* **WORK INSTRUCTION**: Repeat exactly the lines that begin at the one containing "Cotton Gauze Crinkle" and end at the final line of the records; include no pictures and nothing else.

[Data extracted from a collection]

——————————

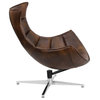 Flash Furniture Bomber Jacket Leather Cocoon Chair in Brown
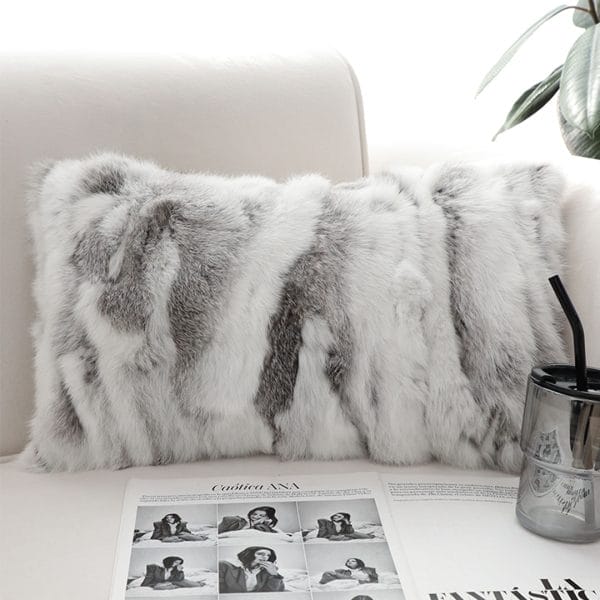 SOGA 2X 30x50cm Luxury Faux Fur Pillowcase (Gray/White) - Image 3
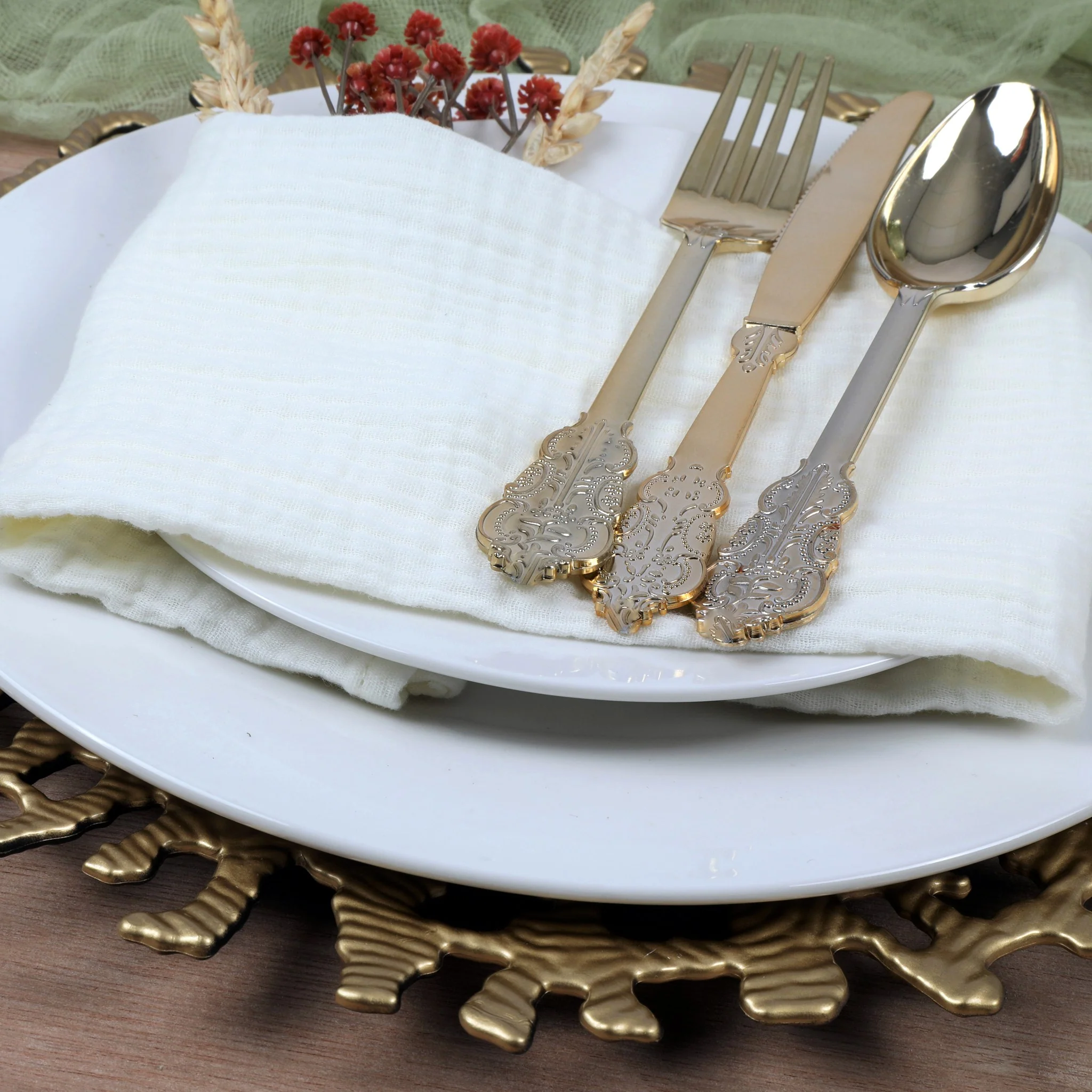 Cotton Gauze Crinkle Napkins 16"x16" (5 pcs/pk) - Ivory - Image 2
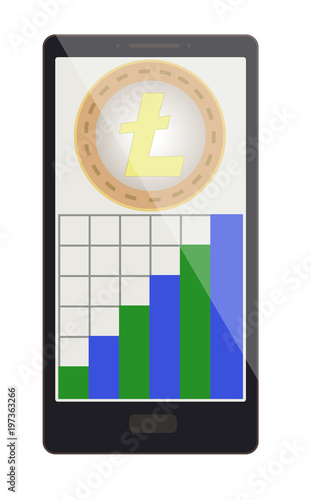 litecoin coin with growth graph on a phone screen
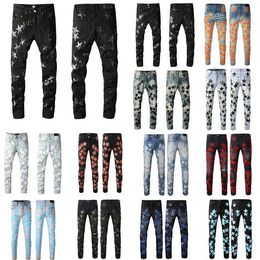 New Italy Pop Style Mens Ripper Jeans Denim Long Pants Skinny fit Slim stretch Men's Biker Jean Patchwork Distressed Top Quality Embroidery Streetwear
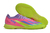 Chuteiras Futsal Adidas X Elite Rosa com detalhe Verde Fluorescente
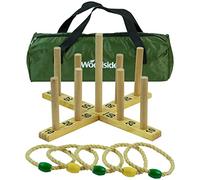 Woodside Garden Quoits Ring Toss Game, Outdoor Family Lawn Fun, 5 Rope 9 Pin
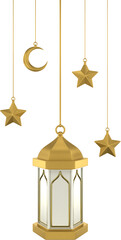 3D hanging gold white Islamic lantern. Design element with soft colors. 3D render.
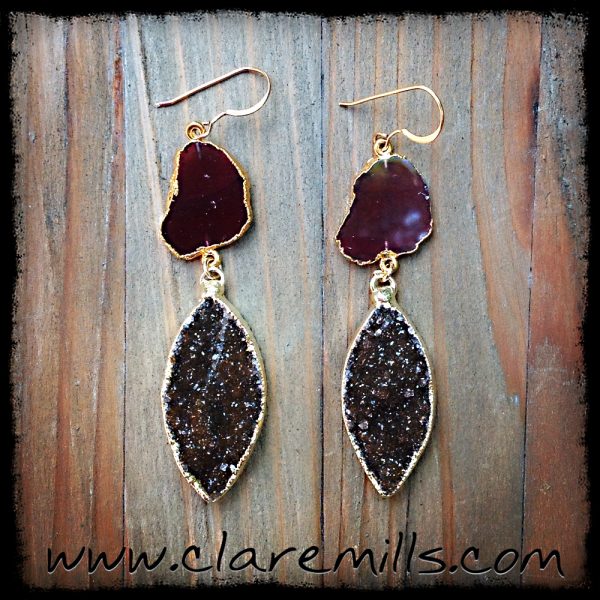 Garnet Slice Brown Druzy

——————————

* **EXPECTED OUTPUT**:
 Cotton Gauze Crinkle Napkins 16"x16" (5 pcs/pk) - Ivory - Image 2
 litecoin coin with growth graph on a phone screen
 New Italy Pop Style Mens Ripper Jeans Denim Long Pants Skinny fit Slim stretch Men's Biker Jean Patchwork Distressed Top Quality Embroidery Streetwear
 Chuteiras Futsal Adidas X Elite Rosa com detalhe Verde Fluorescente
 Woodside Garden Quoits Ring Toss Game, Outdoor Family Lawn Fun, 5 Rope 9 Pin
 3D hanging gold white Islamic lantern. Design element with soft colors. 3D render.
 Garnet Slice Brown Druzy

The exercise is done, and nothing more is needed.